Third, silhouette analysis measures how well each observation fits its assigned cluster versus other clusters. Higher average silhouette scores indicate better clustering.
# Cut tree to create cluster assignments
clusters_4 <- cutree(hc_ward, k = 4)
clusters_3 <- cutree(hc_ward, k = 3)
# Add cluster assignments to original data
df$cluster_4 <- clusters_4
# Silhouette analysis
sil_4 <- silhouette(clusters_4, dist_euclidean)
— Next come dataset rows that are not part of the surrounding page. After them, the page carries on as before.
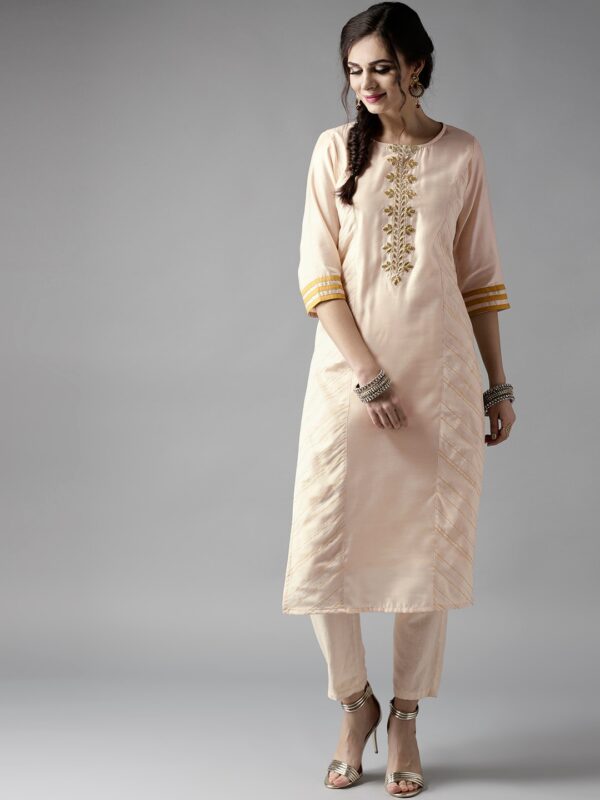 Moda Rapido Women Beige Solid Straight Kurta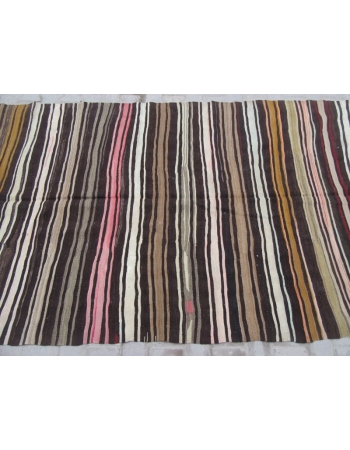 Striped Vintage Decorative Turkish Kilim Rug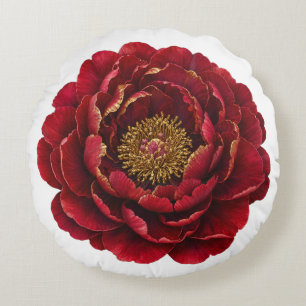 The Gilded Ruby Peony Luxury Red & Gold Botanica Round Cushion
sil_3 <- silhouette(clusters_3, dist_euclidean)
# Plot silhouette scores
fviz_silhouette(sil_4)
# Average silhouette width
mean(sil_4[, 3])
mean(sil_3[, 3])
# Elbow method using within-cluster sum of squares
wss <- sapply(2:10, function(k) {
clusters <- cutree(hc_ward, k = k)
sum(sapply(unique(clusters), function(cluster) {
sum(dist_euclidean[clusters == cluster]^2)
}))
})
plot(2:10, wss, type = "b",
xlab = "Number of Clusters",
ylab = "Within-Cluster Sum of Squares",
main = "Elbow Method")
Silhouette scores range from -1 to 1. Values above 0.5 indicate good clustering, while negative values suggest observations are in the wrong cluster. If your average silhouette is below 0.25, reconsider whether hierarchical clustering is appropriate for your data.
Practical Application and Validation
Let’s apply everything to the USArrests dataset, which contains crime statistics for US states. We’ll identify groups of states with similar crime profiles.
# Complete workflow
data("USArrests")
df <- USArrests
# Preprocess
df_scaled <- scale(df)
# Compute distance and cluster
dist_matrix <- dist(df_scaled, method = "euclidean")
hc <- hclust(dist_matrix, method = "ward.D2")
# Determine optimal clusters (let's use 4 based on dendrogram)
clusters <- cutree(hc, k = 4)
# Validate with silhouette
sil <- silhouette(clusters, dist_matrix)
cat("Average silhouette width:", mean(sil[, 3]), "\n")
# Add clusters to original data
df$cluster <- clusters
# Examine cluster characteristics
aggregate(df[, 1:4], by = list(Cluster = df$cluster), mean)
# Visualize with PCA
pca <- prcomp(df_scaled)
pca_df <- as.data.frame(pca$x[, 1:2])
pca_df$cluster <- as.factor(clusters)
library(ggplot2)
ggplot(pca_df, aes(x = PC1, y = PC2, color = cluster, label = rownames(df))) +
geom_point(size = 3) +
geom_text(vjust = -0.5, size = 3) +
theme_minimal() +
labs(title = "Hierarchical Clustering Results (PCA Projection)",
color = "Cluster")
# Examine specific clusters
print("States in Cluster 1 (low crime):")
rownames(df)[df$cluster == 1]
print("States in Cluster 4 (high crime):")
rownames(df)[df$cluster == 4]
The cluster means reveal distinct profiles. One cluster might represent low-crime rural states, another high-crime urban states, and others falling in between. The PCA visualization shows separation between clusters in two-dimensional space—good separation validates that your clusters are meaningful.
Always interpret clusters in the context of your domain knowledge. Statistical validity doesn’t guarantee practical utility. Ask whether the groupings make sense and provide actionable insights for your specific problem.
For production applications, document your preprocessing steps, distance metric, linkage method, and the rationale for your chosen number of clusters. Hierarchical clustering involves many decisions, and reproducibility requires recording them all.